* _WORK REQUEST_
Apart from the images, every record here needs to be copied exactly.

[Short web captions]
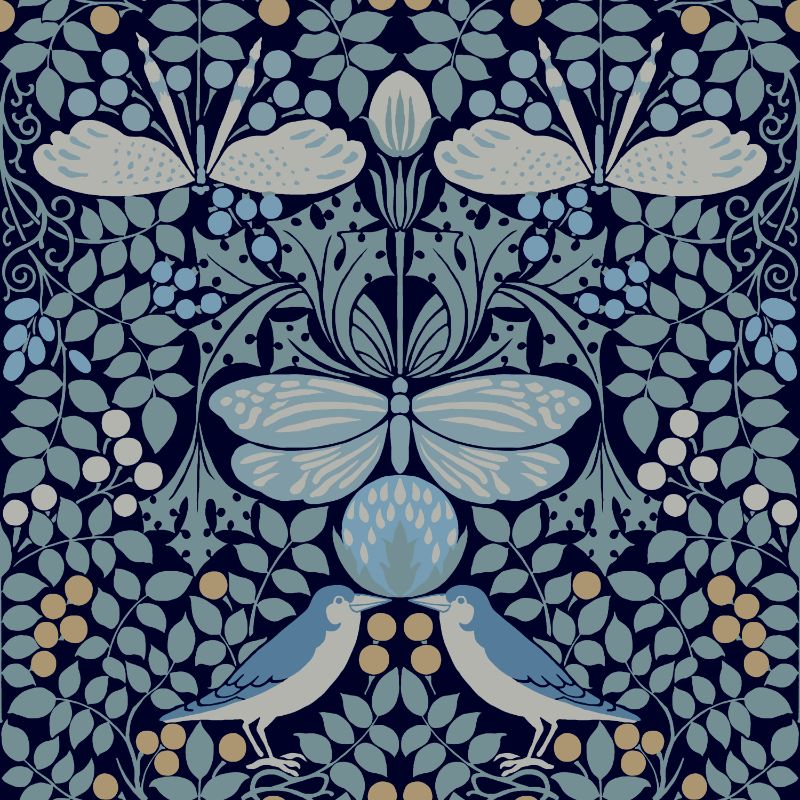 Purchase W3929.515.0 W3929, Blue Insects - Kravet Design Wallpaper
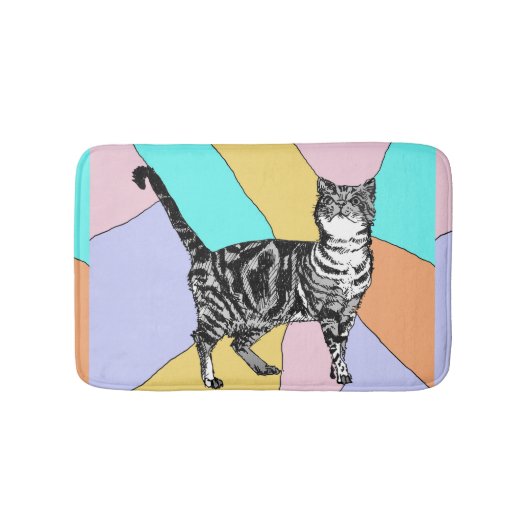 Blauwe tablet Kattenpasta's Kattenhuisdieren Badmat (Voorkant)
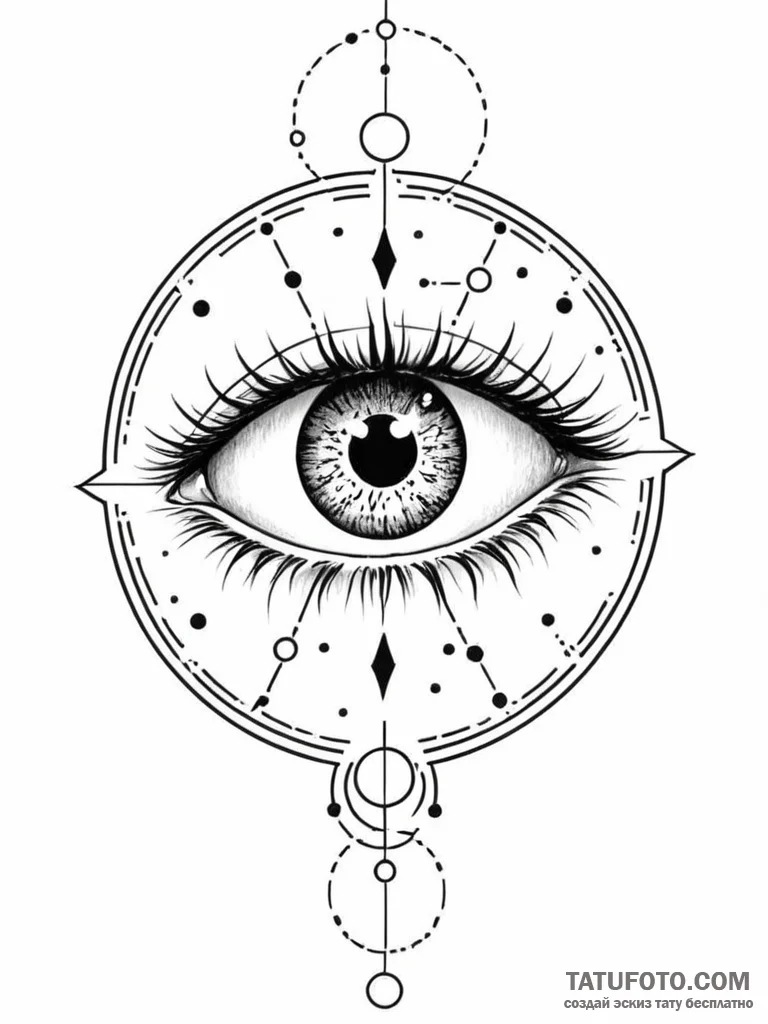 Tattoo sketch a zodiac animal's eye, with the... - эскиз тату (№1751087551_0, 28.06.2025 05:12) — Tatufoto.com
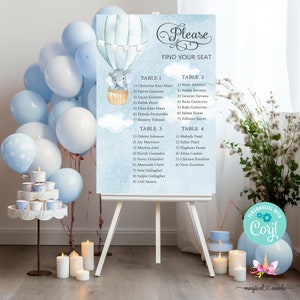 24x36 Gráfico de asientos de baby shower de elefante de globo aerostático azul, letrero de asiento de elefante niño, globo aerostático azul arriba y lejos corjl editable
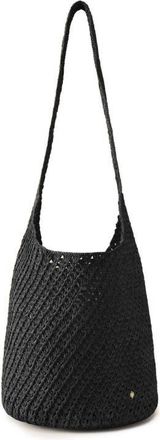 Helen Kaminski Lani Crochet Raffia Shoulder Bag in Charcoal at Nordstrom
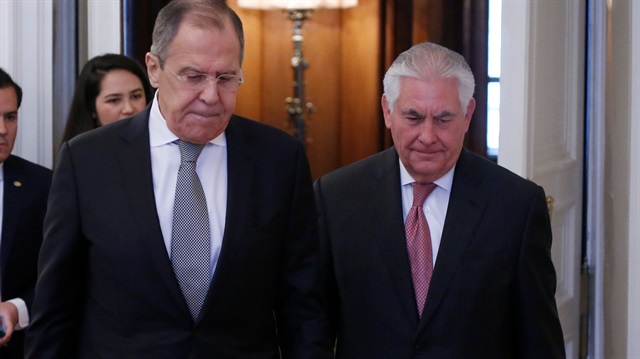 ABD Dışişleri Bakanı Rex Tillerson, dün Rusya'nın başkenti Moskova'da Rus Dışişleri Bakanı Sergey Lavrov ile görüşüyor.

* _TASK SOLUTION_
 Purchase W3929.515.0 W3929, Blue Insects - Kravet Design Wallpaper
 Blauwe tablet Kattenpasta's Kattenhuisdieren Badmat (Voorkant)
 Tattoo sketch a zodiac animal's eye, with the... - эскиз тату (№1751087551_0, 28.06.2025 05:12) — Tatufoto.com
 24x36 Gráfico de asientos de baby shower de elefante de globo aerostático azul, letrero de asiento de elefante niño, globo aerostático azul arriba y lejos corjl editable
 Helen Kaminski Lani Crochet Raffia Shoulder Bag in Charcoal at Nordstrom
 ABD Dışişleri Bakanı Rex Tillerson, dün Rusya'nın başkenti Moskova'da Rus Dışişleri Bakanı Sergey Lavrov ile görüşüyor.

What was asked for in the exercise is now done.